Hanna is from the Egyptian port city of Alexandria and, until arriving to the US, he had never seen a jukebox. Now, he calls the decades-old machines, which he has repaired since 1980, a slice of American history.
Hanna says that he fell in love with jukeboxes right away and quickly decided to devote himself full-time to repairing them. In the 20th century, jukeboxes could be found in nightclubs, bars and diners — icons of American life, right up there with Marilyn Monroe, the Corvette or Elvis (his music is featured on one of the jukeboxes in Hanna's shop). But a machine that played a limited selection of records could not compete with technological progress, from the transistor radio to CDs to now, of course, music over the internet.
So jukebox companies like Wurlitzer and Seeburg faded along with many jukebox repair experts.
"I know a few," says Hanna. "But I don’t know of new people coming into the jukebox business."
Not surprisingly, Hanna has little affection for new ways to hear music. "If you hear Elvis Presley on a 45, it's completely different than you hear it on the radio or on the CD or on the computer." He says a 45-rpm single just conveys more "feeling."
The day I visited Hanna, he had just finished weeks repairing a Model 850 Wurlitzer jukebox from 1941. He showed it to me, opening the handsome wood exterior with peacock figures etched into glass. "Look how big the motor is," he says. "It’s like the alternator from a car." The jukebox, which holds 24 records, takes 5 cents to play one song, two songs for a dime, and four songs for a quarter. It also only plays one side of a record (later models, built in the 1950s, could eventually flip the record and play both sides).
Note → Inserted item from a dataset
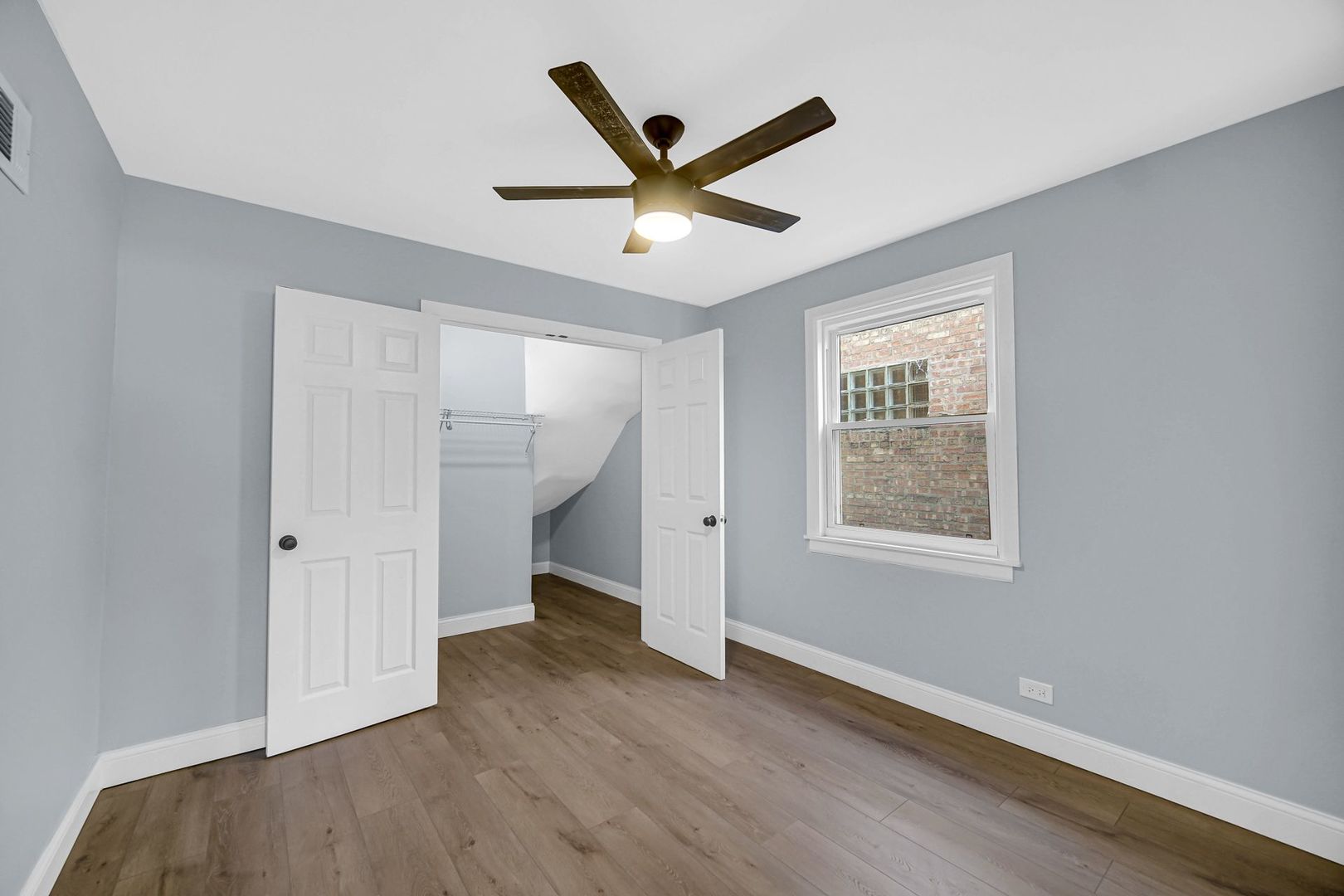 1035 Bohland Avenue Property Photo 9
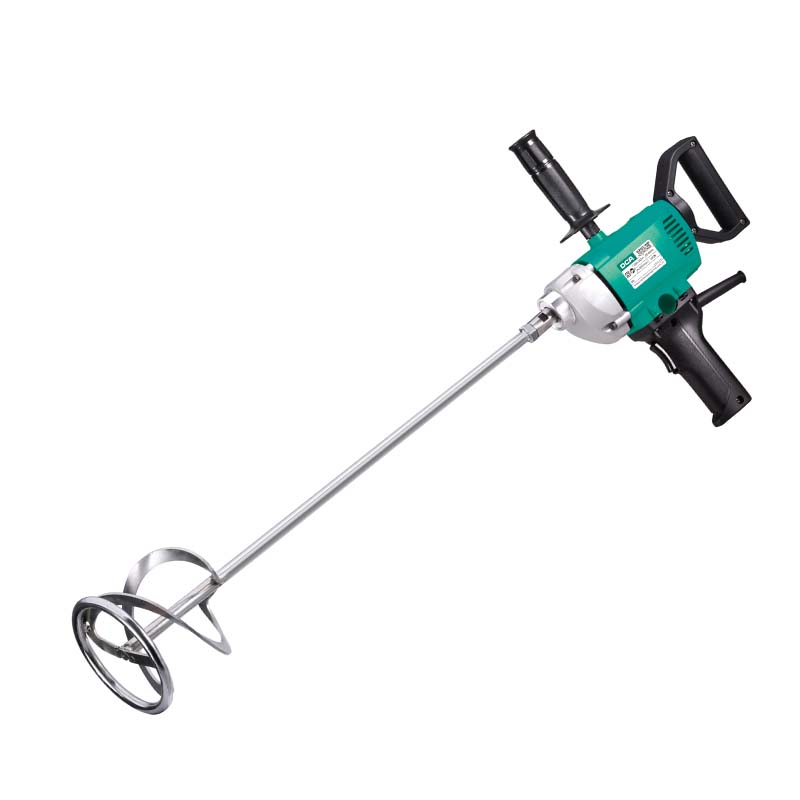 دریل همزن دی سی ای مدل AQU02-160B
Hanna’s customers are often collectors, bringing in broken jukeboxes they’ve found at garage and estate sales. Each one, he says, is like a musical time capsule with records in them untouched for decades. "Some people have had jukeboxes in the garage for 20 years, and it has records from the '50s and '60s. Original records."
When asked what it was like to bring such machines back to life, Hanna says, "Oh, you feel like you want to dance!"
As I wrap up my visit to his repair shop, I ask Hanna if I can select a song from one of the jukeboxes he’s repaired. Sure, he says. And having not used a jukebox since sometime in the '80s, it was a bit thrilling (I selected "My Special Guy” by The Six Teens).